CC @ijrsvt, perhaps this is related to the other gpc issue?

Here is the cluster yaml:

cluster_name: default

min_workers: 3
max_workers: 4


provider:
    type: gcp
    region: us-west1
    availability_zone: us-west1-a
    project_id: slurm-experiment # Globally unique project id

auth:
    ssh_user: ubuntu

setup_commands:
  - sudo apt update
  - sudo apt-get install -y cmake
  - pip install ray[all] numpy pandas TwoSampleHC

Hi @sangcho,
I’m still struggling with this issue.
Are there any directions where to look?

Can you check if the ubuntu user has the access to this folder? ’/home/ray/anaco’

I don’t understand the question. What user? how can I check that?

I’m trying to follow the instructions on https://docs.ray.io/en/releases-0.8.5/autoscaling.html

Below is the output of a different attempt.

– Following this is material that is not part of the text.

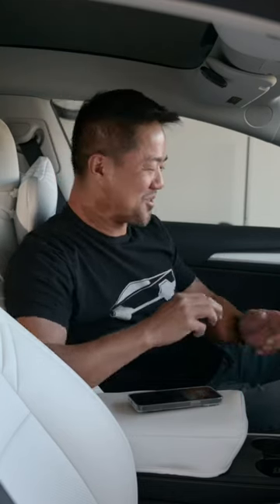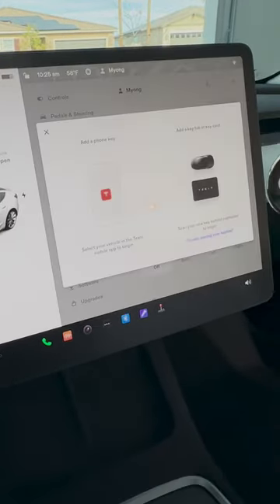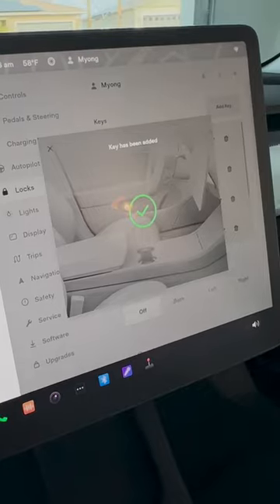All right, let's go connect your Tesla ring to your Tesla Model 3. First, you go to your settings, then you go to locks, and then you add a key. Get your ring and place it right where the card is supposed to be. Then you take out your key card, take the ring out, and put the key card in. You will be approved.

This time I added

docker:
  image: "kipnisal/phase_transition"
  container_name: "phase_transition_exp"
  pull_before_run: True
  run_options: []  # Extra options to pass into "docker run"

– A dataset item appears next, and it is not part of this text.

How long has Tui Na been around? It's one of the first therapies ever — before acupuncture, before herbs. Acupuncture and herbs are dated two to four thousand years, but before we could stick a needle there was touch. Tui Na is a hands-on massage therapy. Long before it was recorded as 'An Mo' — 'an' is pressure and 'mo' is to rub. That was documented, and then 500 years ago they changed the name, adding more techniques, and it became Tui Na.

to the cluster.yaml file and removed what was under `setup_commands’ (the Docker container includes instructions to install ray and the other requirements).

[6/7] Running setup commands

(0/3) **wget https://repo.anaconda.com** ...

bash: wget: command not found

bash: /root/anaconda3.sh: No such file or directory

rm: cannot remove '/root/anaconda3.sh': No such file or directory

Shared connection to 35.203.137.46 closed.

2021-03-01 19:57:08,101 INFO node_provider.py:20 -- wait_for_compute_zone_operation: Waiting for operation operation-1614657427526-5bc85ba66d52d-91feb0eb-0eabe74f to finish...

2021-03-01 19:57:13,843 INFO node_provider.py:32 -- wait_for_compute_zone_operation: Operation operation-1614657427526-5bc85ba66d52d-91feb0eb-0eabe74f finished.

New status: **update-failed**

!!!

SSH command failed.

!!!

Failed to setup head node.

zsh: exit 1 ray up cluster.yaml

What is unclear to me is why ray is looking for anaconda?

I asked due to this line;

If you launch the autoscaler, the node’s user is ubuntu. (Look at your cluster.yaml)

auth:
    ssh_user: ubuntu

And it seems like this ssh user doesn’t have access to the folder /home/ray/anaco in a glance.

Also, what version of ray are you using? Also, @Dmitri @Ameer_Haj_Ali can you guys handle this issue?

This is suboptimal behavior…
It’s happening because setup commands are getting pulled from here:

I’d actually recommend taking a look at this file as a starting point and modifying to suit your use-case:

Also, if you could post an issue on the Ray github with the last error message you saw, that would be very helpful.